Your instructions
Word for word, copy the lines beginning at the one with "Used 2021 Kia Forte LXS FWD image 11" and ending at the last line below; pictures stay out.

Material provided
^^^^^^^^

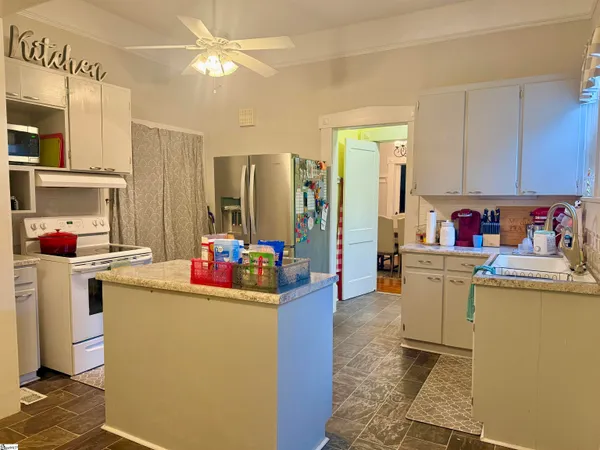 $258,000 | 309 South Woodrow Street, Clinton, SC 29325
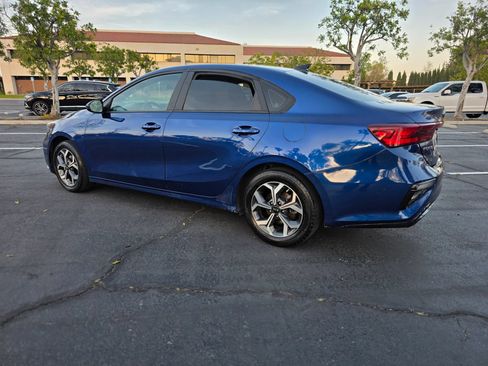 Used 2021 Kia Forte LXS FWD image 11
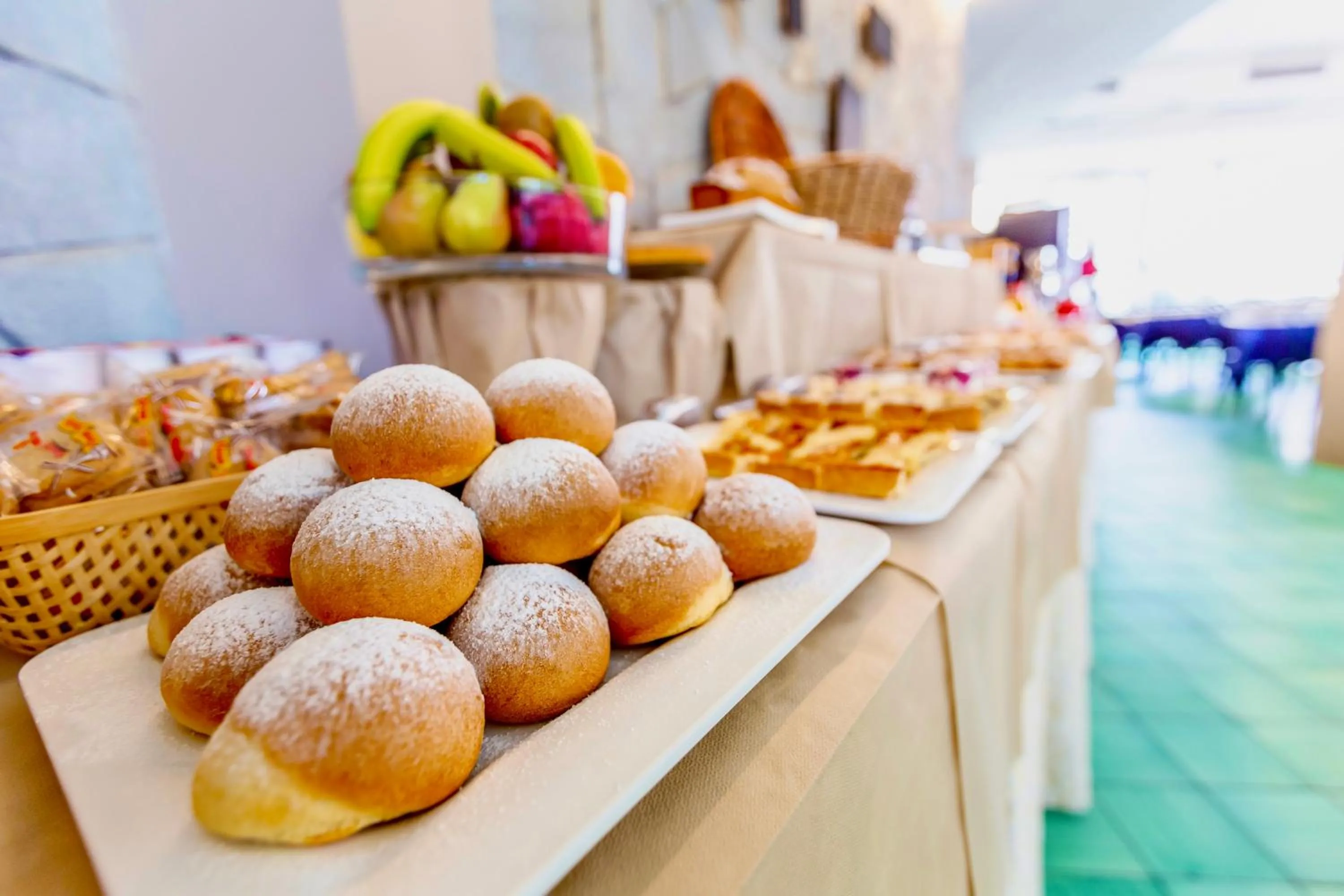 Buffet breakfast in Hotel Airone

^^^^^^^^

Task response
 Used 2021 Kia Forte LXS FWD image 11
 Buffet breakfast in Hotel Airone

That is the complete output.